‘Burjanadze Proposes Increasing Number of MPs’ – Opposition MP
Parliamentary Chairperson Nino Burjanadze has, as a way of breaking the impasse over the controversial rule on electing 75 majoritarian MPs, proposed an increase in the overall number of lawmakers in the new parliament from the constitutionally set 150 to 175, MP Davit Gamkrelidze, leader of the New Rights Party, said on March 10.
MP Gamkrelidze, who along with five other New Rights Party MPs, is on hunger strike outside the parliamentary speaker’s office, told Rustavi 2 TV’s late-night political talk show, Primetime, that Burjanadze had met him and his fellow hunger strikers and had made the proposal.
“She asked us if the opposition would agree to an increase in the number of seats to 175; it is absurd and not a single opposition party would agree to it. That would mean saying no to the [2003] referendum results,” MP Gamkrelidze said. No immediate comment from Burjanadze’s office on the matter was available.
Georgian voters overwhelmingly voted in favor of decreasing the number of lawmakers from the current 235 to 150 in a referendum in 2003.
The proposed rule on electing majoritarian lawmakers is currently a major source of contention between the opposition and the authorities. The rule, which was endorsed with its first hearing on March 4 by Parliament, proposes electing one majoritarian lawmaker from each of the 75 constituencies. If approved on the second and third hearings it would lead to an increase in the number of majoritarian MPs in the new parliament from 50 – as currently mandated in the constitution – to 75 and those elected through the proportional party-list system will go from 100 to 75.
The opposition sees the proposal as damaging to their prospects in the forthcoming elections and instead wants so-called ‘regional proportional lists’ for electing 50 majoritarian MPs.

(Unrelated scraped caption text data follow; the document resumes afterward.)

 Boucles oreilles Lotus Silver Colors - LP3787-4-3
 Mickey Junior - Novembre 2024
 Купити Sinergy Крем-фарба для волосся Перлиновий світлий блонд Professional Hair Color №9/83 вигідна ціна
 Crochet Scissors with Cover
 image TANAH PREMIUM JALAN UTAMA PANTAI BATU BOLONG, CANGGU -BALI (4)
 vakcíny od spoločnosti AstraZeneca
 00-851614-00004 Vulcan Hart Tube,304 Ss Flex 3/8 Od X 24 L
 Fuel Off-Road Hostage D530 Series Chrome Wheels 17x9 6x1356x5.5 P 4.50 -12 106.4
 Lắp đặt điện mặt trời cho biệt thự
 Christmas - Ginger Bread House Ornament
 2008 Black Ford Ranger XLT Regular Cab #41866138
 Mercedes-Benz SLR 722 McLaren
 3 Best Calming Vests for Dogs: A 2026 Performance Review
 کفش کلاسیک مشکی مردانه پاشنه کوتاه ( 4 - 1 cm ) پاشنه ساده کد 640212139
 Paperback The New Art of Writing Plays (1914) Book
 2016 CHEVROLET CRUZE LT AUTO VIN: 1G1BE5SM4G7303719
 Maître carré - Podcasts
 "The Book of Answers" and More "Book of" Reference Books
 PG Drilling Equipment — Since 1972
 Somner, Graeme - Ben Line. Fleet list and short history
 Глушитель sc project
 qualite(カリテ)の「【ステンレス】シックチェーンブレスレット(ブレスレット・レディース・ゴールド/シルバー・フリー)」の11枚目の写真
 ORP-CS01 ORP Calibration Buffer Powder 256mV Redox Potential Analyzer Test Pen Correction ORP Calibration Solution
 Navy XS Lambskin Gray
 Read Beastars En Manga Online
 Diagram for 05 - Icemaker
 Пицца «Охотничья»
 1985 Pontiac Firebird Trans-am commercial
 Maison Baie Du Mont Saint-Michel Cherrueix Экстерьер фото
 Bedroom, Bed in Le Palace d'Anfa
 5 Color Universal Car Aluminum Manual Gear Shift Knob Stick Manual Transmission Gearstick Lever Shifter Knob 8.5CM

Regional proportional lists allow parties or election blocs to nominate several candidates in each constituency (the number of seats available would depend on the size of the constituency). Fifty majoritarian seats in the parliament, with this system, would be allocated proportionally, based on the votes received by parties in a particular constituency. The system entails setting an election threshold and would preclude independent candidates, as all candidates must be nominated by a party or an election bloc.
To coincide with the second hearing on the majoritarian proposal, the opposition is planning a protest rally on March 11 outside Parliament.